[Exercise objective] Show every line below where "Building" can be found.

Web page caption snippets
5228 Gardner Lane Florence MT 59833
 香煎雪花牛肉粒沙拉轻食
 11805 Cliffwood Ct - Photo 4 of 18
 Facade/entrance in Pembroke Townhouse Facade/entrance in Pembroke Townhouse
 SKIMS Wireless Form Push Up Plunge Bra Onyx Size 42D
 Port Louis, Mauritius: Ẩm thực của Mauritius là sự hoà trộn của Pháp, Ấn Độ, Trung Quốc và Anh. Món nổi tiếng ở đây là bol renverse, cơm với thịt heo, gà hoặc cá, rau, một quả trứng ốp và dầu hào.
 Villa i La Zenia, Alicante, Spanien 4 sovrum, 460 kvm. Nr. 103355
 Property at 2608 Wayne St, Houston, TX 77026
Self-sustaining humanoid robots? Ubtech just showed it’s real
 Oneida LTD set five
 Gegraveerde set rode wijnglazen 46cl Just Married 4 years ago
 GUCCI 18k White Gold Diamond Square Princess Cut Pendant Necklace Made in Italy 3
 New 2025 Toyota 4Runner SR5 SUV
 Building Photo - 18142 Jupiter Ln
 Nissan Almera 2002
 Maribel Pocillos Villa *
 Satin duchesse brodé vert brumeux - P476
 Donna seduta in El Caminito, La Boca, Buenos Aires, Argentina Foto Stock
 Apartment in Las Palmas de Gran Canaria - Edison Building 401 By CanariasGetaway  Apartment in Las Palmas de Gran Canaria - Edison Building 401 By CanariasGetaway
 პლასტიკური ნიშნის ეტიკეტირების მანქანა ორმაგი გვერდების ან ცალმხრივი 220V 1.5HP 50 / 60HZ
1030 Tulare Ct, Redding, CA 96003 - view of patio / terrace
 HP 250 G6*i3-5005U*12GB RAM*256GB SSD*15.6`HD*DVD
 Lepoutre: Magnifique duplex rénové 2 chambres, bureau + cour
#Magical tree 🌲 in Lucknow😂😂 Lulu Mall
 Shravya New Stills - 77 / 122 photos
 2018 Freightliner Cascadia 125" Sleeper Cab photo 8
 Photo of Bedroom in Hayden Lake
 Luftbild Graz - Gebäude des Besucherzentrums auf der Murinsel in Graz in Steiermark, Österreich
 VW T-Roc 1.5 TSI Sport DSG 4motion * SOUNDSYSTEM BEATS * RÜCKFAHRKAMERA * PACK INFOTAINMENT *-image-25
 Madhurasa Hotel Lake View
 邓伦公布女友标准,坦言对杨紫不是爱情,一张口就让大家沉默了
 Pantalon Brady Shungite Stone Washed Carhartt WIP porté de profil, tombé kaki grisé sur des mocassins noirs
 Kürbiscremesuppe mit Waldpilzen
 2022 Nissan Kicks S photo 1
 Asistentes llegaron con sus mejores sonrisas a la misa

[Output for this task]
 Building Photo - 18142 Jupiter Ln
 Apartment in Las Palmas de Gran Canaria - Edison Building 401 By CanariasGetaway  Apartment in Las Palmas de Gran Canaria - Edison Building 401 By CanariasGetaway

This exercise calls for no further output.